### TASK TO COMPLETE:
The entries below contain pictures. Write out only the lines from the line with "I hope this" up to and including the line with "Hello everyone. In", exactly, without them.

### MATERIAL TO PROCESS:
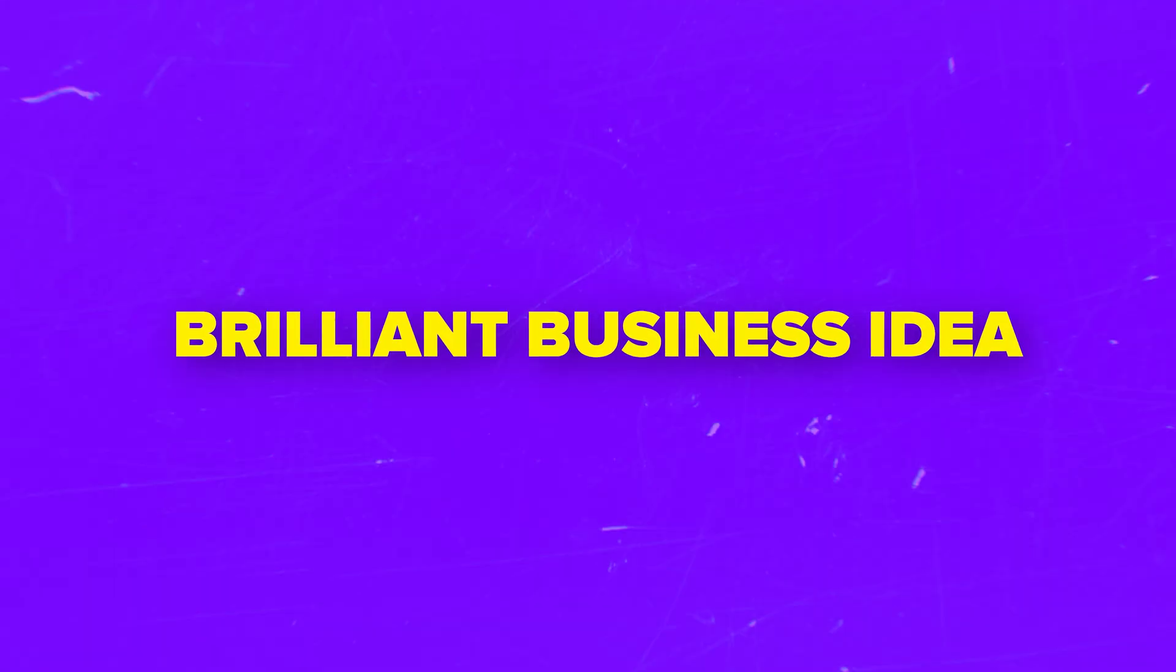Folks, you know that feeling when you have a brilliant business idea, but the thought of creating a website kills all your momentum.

...

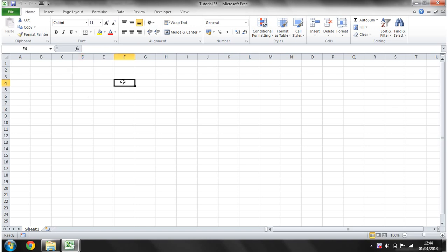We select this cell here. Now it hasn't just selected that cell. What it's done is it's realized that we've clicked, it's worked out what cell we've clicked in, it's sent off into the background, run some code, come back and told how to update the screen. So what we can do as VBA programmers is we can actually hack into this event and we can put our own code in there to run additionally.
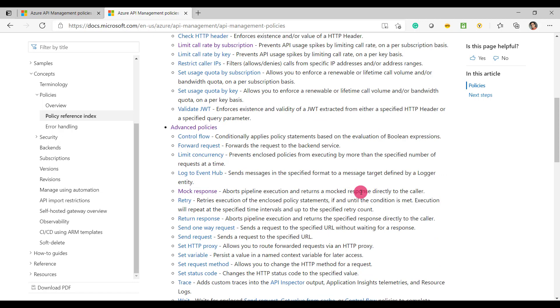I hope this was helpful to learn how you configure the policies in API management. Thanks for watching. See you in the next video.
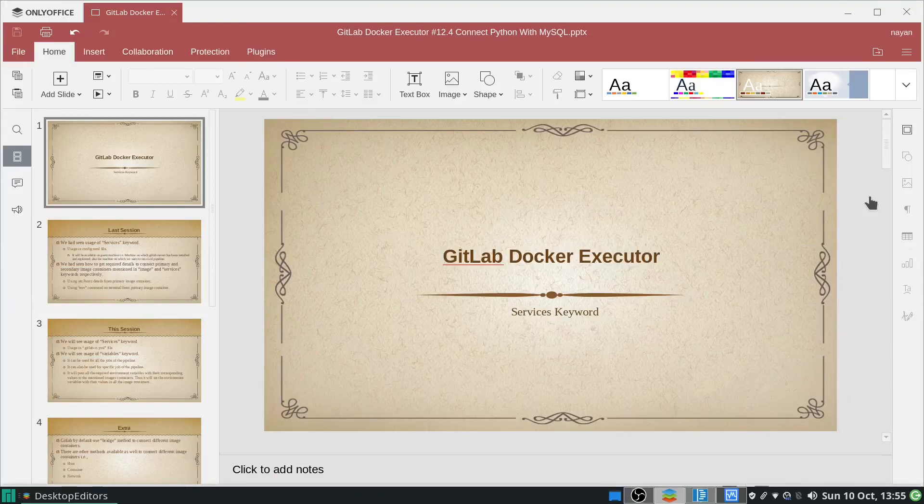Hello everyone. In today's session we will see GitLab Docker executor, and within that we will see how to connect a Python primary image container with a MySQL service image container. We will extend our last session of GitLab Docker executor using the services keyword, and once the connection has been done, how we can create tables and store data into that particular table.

### FINISHED TASK:
I hope this was helpful to learn how you configure the policies in API management. Thanks for watching. See you in the next video.
Hello everyone. In today's session we will see GitLab Docker executor, and within that we will see how to connect a Python primary image container with a MySQL service image container. We will extend our last session of GitLab Docker executor using the services keyword, and once the connection has been done, how we can create tables and store data into that particular table.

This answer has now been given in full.